Add a brief heart health message for American Heart Month
February is American Heart Month. A short paragraph connecting heart health to student habits is well-timed and builds health literacy. Keep it positive and practical: three heart-healthy habits for children are at least 60 minutes of physical activity most days, a diet that includes fruits and vegetables alongside reasonable treats, and adequate sleep. You do not need to turn this into a cardiovascular lecture. Two sentences and a takeaway is the right length.

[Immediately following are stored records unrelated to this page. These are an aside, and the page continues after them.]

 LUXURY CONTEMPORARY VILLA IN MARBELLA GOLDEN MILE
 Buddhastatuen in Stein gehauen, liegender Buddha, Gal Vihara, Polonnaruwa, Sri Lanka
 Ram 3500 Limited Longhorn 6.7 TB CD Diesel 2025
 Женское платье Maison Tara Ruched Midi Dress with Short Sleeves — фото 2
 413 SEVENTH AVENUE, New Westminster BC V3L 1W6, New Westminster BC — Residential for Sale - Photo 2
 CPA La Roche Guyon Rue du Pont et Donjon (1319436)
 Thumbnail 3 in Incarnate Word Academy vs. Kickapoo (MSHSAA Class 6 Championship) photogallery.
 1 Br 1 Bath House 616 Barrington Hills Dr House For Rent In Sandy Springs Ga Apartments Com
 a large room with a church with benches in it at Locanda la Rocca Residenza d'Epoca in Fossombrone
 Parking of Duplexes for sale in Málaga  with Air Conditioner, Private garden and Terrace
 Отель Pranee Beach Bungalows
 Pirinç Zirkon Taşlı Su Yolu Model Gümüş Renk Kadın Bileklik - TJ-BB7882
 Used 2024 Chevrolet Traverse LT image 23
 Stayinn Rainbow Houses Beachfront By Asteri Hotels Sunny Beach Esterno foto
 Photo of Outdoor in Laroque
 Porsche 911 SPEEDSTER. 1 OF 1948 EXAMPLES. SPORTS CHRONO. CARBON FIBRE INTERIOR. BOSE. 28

Reinforce illness exclusion criteria
February is when families start getting worn down by illness season and sometimes make questionable calls about sending a sick child to school. A clear restatement of your policy is timely: "Students need to stay home if they have a fever of 100.4 or above, are vomiting or have diarrhea, or are too unwell to participate in class. They can return 24 hours after fever breaks without medication." No softening, no hedge. Clear criteria.
Note any upcoming screenings or health checks
Many schools schedule vision and hearing screenings in the winter. If you have screenings coming up in February or March, tell families in advance. Explain what the screening involves, when families will hear results, and what happens if a referral is needed. Families who are prepared respond faster to referral letters.
Share one hygiene tip relevant to February
February is a high-sharing month in elementary classrooms. Valentine cards, shared art supplies, and class parties all create contact points. A brief reminder about not sharing water bottles, lip balm, or utensils during illness season is practical and seasonally relevant. Two sentences is enough.
Close with contact information and an open invitation
Every February nurse newsletter should end with a clear invitation for families to reach out with health questions. A note that you are available for consultations about your child's health before sending them to school reduces office traffic and builds trust with parents who are uncertain.
Daystage makes your February nurse newsletter fast to send. Your template is ready, you update the seasonal content, and open-rate tracking documents that families received your holiday food safety and illness guidance.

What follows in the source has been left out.